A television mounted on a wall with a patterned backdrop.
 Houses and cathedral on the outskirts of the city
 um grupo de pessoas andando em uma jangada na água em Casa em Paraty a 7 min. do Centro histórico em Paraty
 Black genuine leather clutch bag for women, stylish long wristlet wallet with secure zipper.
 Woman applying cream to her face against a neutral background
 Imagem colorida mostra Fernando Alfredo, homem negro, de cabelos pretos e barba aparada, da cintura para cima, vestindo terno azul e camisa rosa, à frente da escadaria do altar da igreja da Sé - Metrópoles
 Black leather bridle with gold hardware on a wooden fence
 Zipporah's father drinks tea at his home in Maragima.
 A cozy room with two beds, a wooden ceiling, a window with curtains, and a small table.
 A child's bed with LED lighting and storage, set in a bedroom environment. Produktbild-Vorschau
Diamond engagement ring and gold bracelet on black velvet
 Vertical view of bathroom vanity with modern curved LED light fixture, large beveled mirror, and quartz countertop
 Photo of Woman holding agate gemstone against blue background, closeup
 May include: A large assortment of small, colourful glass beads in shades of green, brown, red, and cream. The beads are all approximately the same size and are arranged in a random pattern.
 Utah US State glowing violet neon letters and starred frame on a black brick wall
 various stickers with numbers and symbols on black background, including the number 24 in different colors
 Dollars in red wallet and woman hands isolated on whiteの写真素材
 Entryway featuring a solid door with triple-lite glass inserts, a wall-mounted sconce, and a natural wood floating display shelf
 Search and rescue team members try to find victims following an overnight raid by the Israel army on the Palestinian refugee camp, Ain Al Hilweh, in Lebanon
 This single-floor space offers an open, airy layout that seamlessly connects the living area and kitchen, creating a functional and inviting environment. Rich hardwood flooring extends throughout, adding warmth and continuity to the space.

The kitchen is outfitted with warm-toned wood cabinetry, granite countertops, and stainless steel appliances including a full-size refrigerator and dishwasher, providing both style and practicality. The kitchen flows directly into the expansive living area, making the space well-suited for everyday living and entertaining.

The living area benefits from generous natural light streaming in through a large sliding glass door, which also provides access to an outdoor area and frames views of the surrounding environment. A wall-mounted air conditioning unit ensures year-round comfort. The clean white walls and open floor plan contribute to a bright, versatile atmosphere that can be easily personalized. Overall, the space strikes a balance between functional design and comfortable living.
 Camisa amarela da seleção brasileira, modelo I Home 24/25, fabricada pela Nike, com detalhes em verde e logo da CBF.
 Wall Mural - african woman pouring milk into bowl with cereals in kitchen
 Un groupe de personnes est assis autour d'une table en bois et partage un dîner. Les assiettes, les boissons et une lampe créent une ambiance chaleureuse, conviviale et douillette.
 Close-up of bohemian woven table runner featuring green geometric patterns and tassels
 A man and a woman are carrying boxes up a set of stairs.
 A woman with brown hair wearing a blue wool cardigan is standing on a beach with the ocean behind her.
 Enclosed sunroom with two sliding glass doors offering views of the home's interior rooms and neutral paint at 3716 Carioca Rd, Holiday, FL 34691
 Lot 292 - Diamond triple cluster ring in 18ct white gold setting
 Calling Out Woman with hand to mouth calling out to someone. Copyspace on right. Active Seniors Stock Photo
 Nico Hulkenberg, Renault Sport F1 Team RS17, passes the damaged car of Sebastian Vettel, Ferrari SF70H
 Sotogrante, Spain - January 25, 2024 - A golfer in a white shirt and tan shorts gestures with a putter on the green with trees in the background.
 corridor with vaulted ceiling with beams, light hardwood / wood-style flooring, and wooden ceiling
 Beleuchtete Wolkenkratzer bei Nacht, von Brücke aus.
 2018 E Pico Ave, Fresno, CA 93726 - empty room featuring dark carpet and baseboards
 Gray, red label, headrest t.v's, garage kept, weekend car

◆ Directions for this task
Take the lines from the start of the records through the line holding "Diamond engagement ring", both included, and please print them exactly, with nothing else.

◆ Written reply
A television mounted on a wall with a patterned backdrop.
 Houses and cathedral on the outskirts of the city
 um grupo de pessoas andando em uma jangada na água em Casa em Paraty a 7 min. do Centro histórico em Paraty
 Black genuine leather clutch bag for women, stylish long wristlet wallet with secure zipper.
 Woman applying cream to her face against a neutral background
 Imagem colorida mostra Fernando Alfredo, homem negro, de cabelos pretos e barba aparada, da cintura para cima, vestindo terno azul e camisa rosa, à frente da escadaria do altar da igreja da Sé - Metrópoles
 Black leather bridle with gold hardware on a wooden fence
 Zipporah's father drinks tea at his home in Maragima.
 A cozy room with two beds, a wooden ceiling, a window with curtains, and a small table.
 A child's bed with LED lighting and storage, set in a bedroom environment. Produktbild-Vorschau
Diamond engagement ring and gold bracelet on black velvet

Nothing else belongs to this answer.